何度か再現を試みても上手く行かなかった味付け。足りなかった物は引き算だった。
シンは母の味を再現しようと足りない物を探すうちに、色々な物を足していった。
決して味が悪い訳ではないが、母の味からは段々と遠ざかる。
いつしか自分の味にも慣れてしまい、母の味を忘れつつあった。
偶然ではあるが、今回久しぶりに彼女の手料理を食べた事により思い出せた。もっと単純でよかったのだと。
アンダルに己の気持ちを伝えた時と同じだった。『殺す』とか『救う』ではなくて、好きな女性を『護る』。それだけでいいのだと。
(……フェリーに、逢いたい)
母の味を噛みしめながら、シンは考える。
フェリーにもこの味を食べさせてやりたい。

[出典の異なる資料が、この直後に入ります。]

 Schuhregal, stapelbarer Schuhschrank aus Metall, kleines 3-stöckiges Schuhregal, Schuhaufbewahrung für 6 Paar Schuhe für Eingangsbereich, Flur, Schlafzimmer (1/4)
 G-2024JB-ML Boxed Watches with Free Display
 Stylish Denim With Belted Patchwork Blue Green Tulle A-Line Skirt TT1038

彼女は、母の料理を喜んでくれていたから。
それに、きちんと伝えなくてはならない。もう、殺したくはないと。
彼女がどんな反応をするかは判らないけれど、自分の腹は据わった。
ずっと後悔していた。あの日、フェリーに剣を突き立てた事を。
彼女の願いを叶えるのは自分の義務だと思っていた。
それでもやっぱり殺したくなくて、少しでも自分へ言い聞かせる為にフェリーへ金銭を要求したりもした。

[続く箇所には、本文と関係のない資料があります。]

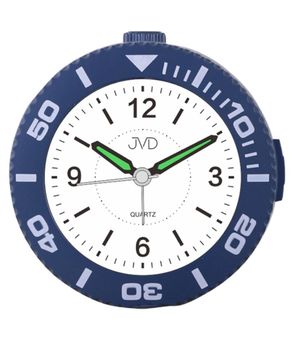 Budzik analogowy JVD SRP507.2 niebieski z płynnym mechanizmem Sweep i drzemką (1).jpg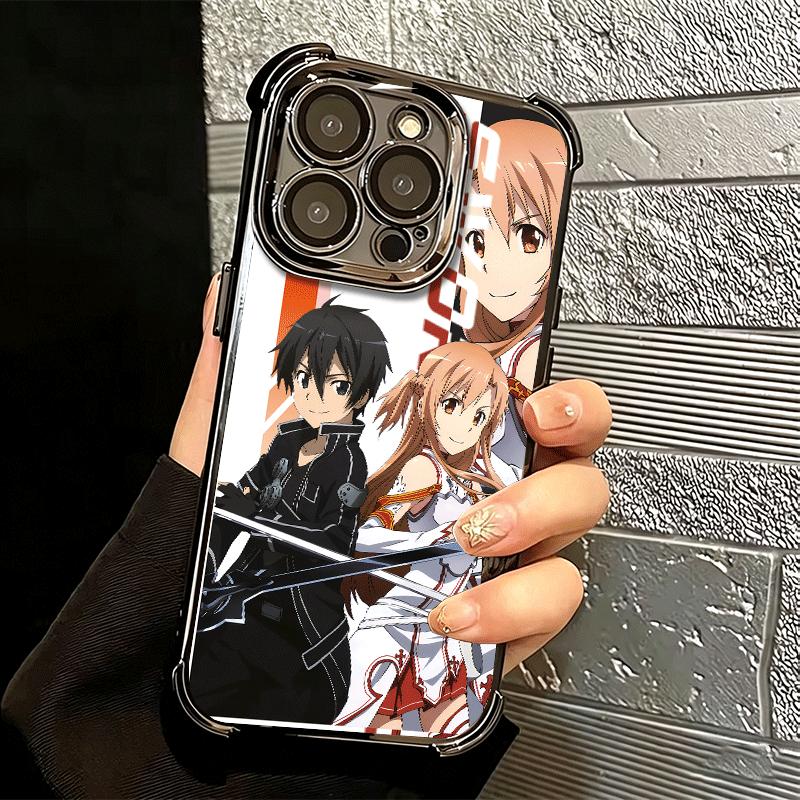 Anime Sword Art Online SAO Plating Phone Case For Iphone 16 17 Pro Max Air 16E 14 15 Plus 12 13 Mini Anti-Fall Airabag Cover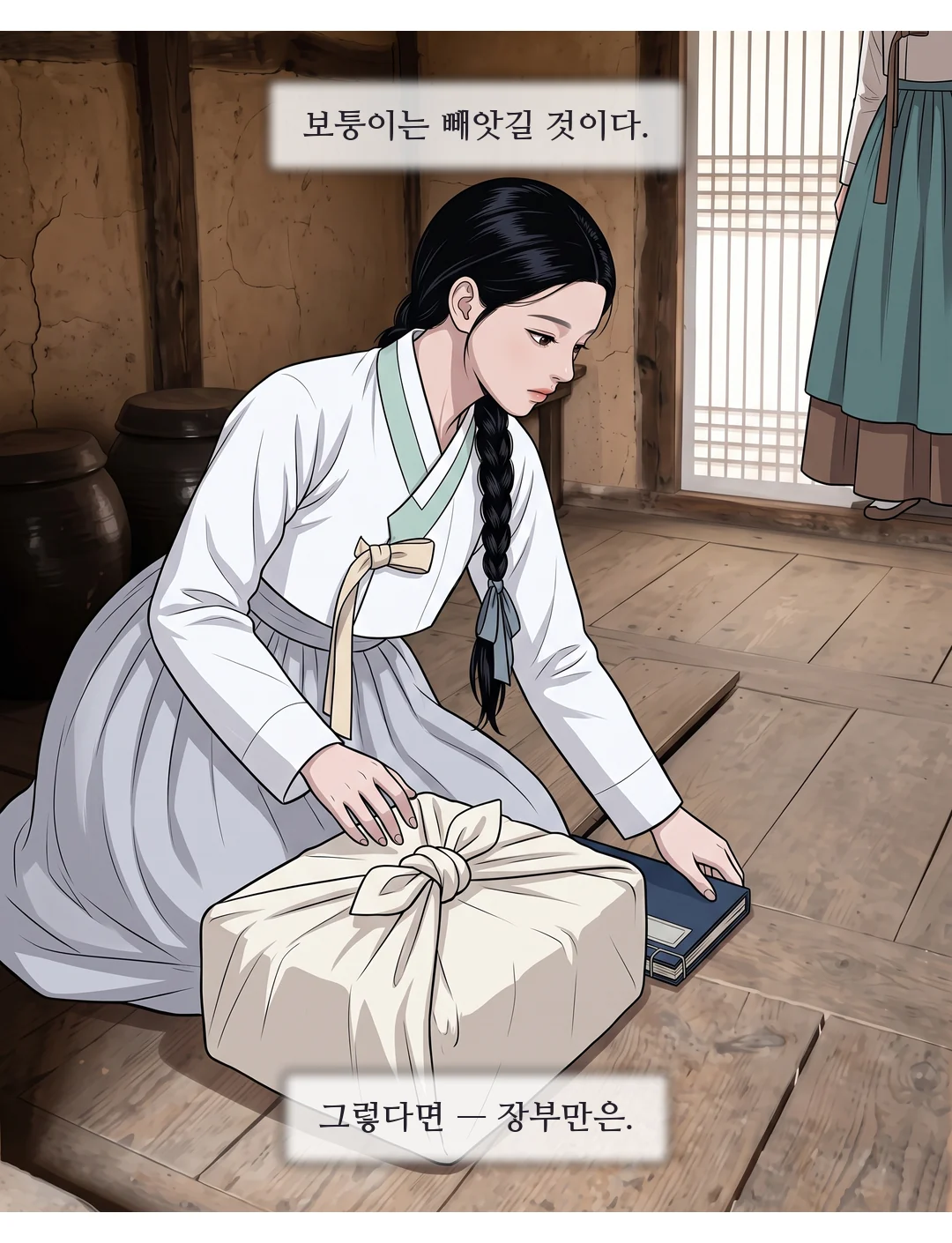 보퉁이를 챙기는 척 몸을 낮춘 연화. 눈만 마루 널로 간다. — 보퉁이는 빼앗길 것이다. 그렇다면 — 장부만은.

自分に折り合いをつける為に、不老不死で失くす方法はないかと模索もしていた。
全部自分で決めた事だった。独りよがりの願いで、何度も彼女を傷付けながら歩んでいた。
今度はちゃんと話し合おう。どうすればいいのか。どうするべきなのかを。
決心が鈍る事はないけれど、逢えない日が続くのは意外と堪えている。
一刻も早く、フェリーに逢いたい。きっとまた逢えるはずだと信じている。
「これなら、儂の娘に料理を教える必要はなさそうだな。そもそも、儂も大して作れんからな。
シン、飯は全部お前が作ってやるんだぞ」
「ははは……」
アンダルが上機嫌で頬張る姿を見て、シンは乾いた笑いしか出なかった。
言われるまでもなく、この10年の食事はシンが作っていた。
彼女は食べなくても死ぬ事はないからではない。料理が大味だからだ。
火力は何でも全開だし、味付けもこれでもかというぐらい調味料を振るう。
灰汁を取る必要性も分かっていないし、漉すなんてもってのほかだ。
出来た料理をいつも「あれ? おかしいな?」と首を傾げながら食べるが、過程を見ているとその結果は何もおかしくない。

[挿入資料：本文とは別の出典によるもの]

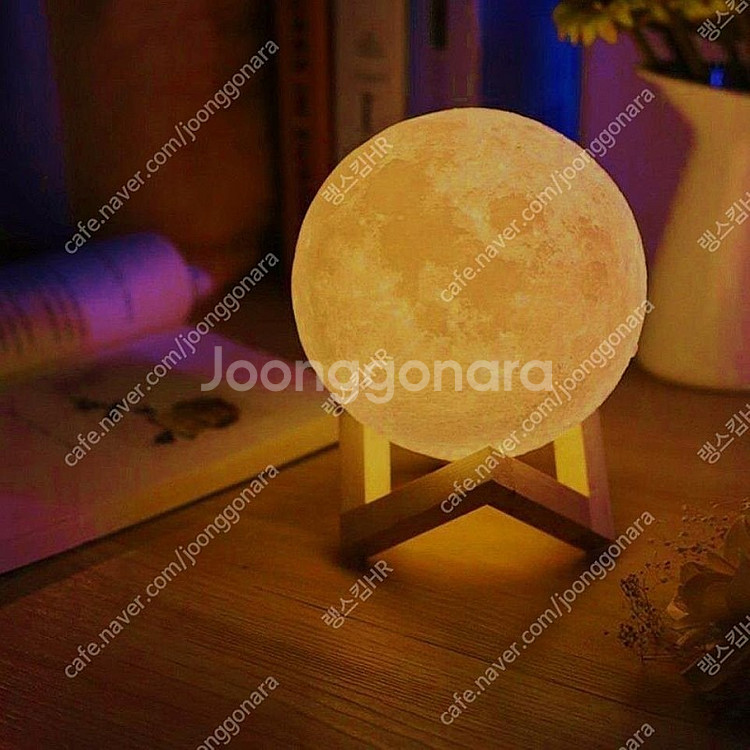 새 중형 정품 3D 입체형 달조명 무드 힐링 취침등--5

「ちょっと、シン。もしかして、アンダルにフェリーちゃんのこと言ったの?」
目を丸くしながら、イリシャがこそっとシンに耳打ちをする。
あれだけ未来の話を訊こうとはしなかったアンダルが、フェリーの存在を知っている事に驚いた。
「というか、無理矢理聞いてもらったというか」
「その、村が滅んだ下りとかは……」
シンは首を横に振った。流石にそこまでは伝えられるはずがない。
伝えてしまえば、彼の余生はきっと苦しいものになってしまう。
自分の好きなアンダルはそんな素振りを見せなかったし、出来れば知らないでいて欲しい。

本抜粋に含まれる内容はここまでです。